Kamala Harris Leads Donald Trump: How Polling Methodologies Shape the Narrative

Sep 28, 2024

Nate Cohn, chief political analyst at the New York Times, recently shared an insightful piece on the current state of polling in his newsletter, The Tilt. He points out that online surveys are less reliable than traditional polls. The key difference lies in how each type gathers its sample. Traditional surveys, often conducted through live phone interviews, randomly select households to ensure a representative sample of a target population. In contrast, many online surveys are opt-in, making it harder to achieve random sampling. Although various techniques are employed to mitigate this issue, Cohn, referencing a Pew Research Center study, emphasizes that online polls tend to face more data quality concerns. For instance, he highlights the challenge of identifying “bogus respondents” in online surveys.

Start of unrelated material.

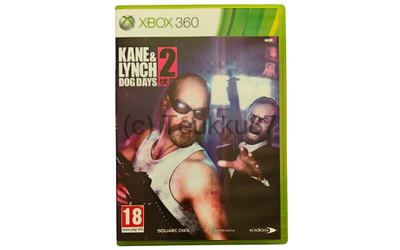 X360 - Kane and Lynch 2: Dog Days (CIB)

It is important to recognize that not all online surveys are the same. Many are highly reputable and respected within the industry. As Cohn points out, YouGov’s opt-in panel, for example, requires participants to answer a set of demographic questions, which allows the firm to match its sample to the target population. For its political polls, which it conducts for outlets like CBS News, The Economist, and Yahoo! News, YouGov adjusts its data by weighting it against U.S. Census data and past election results. Other organizations, such as the Pew Research Center, NORC, and SSRS, also collect data online but use a probabilistic approach. These firms randomly invite a large group of people to join their panels and then randomly select members from those panels to complete their surveys, ensuring a more representative sample.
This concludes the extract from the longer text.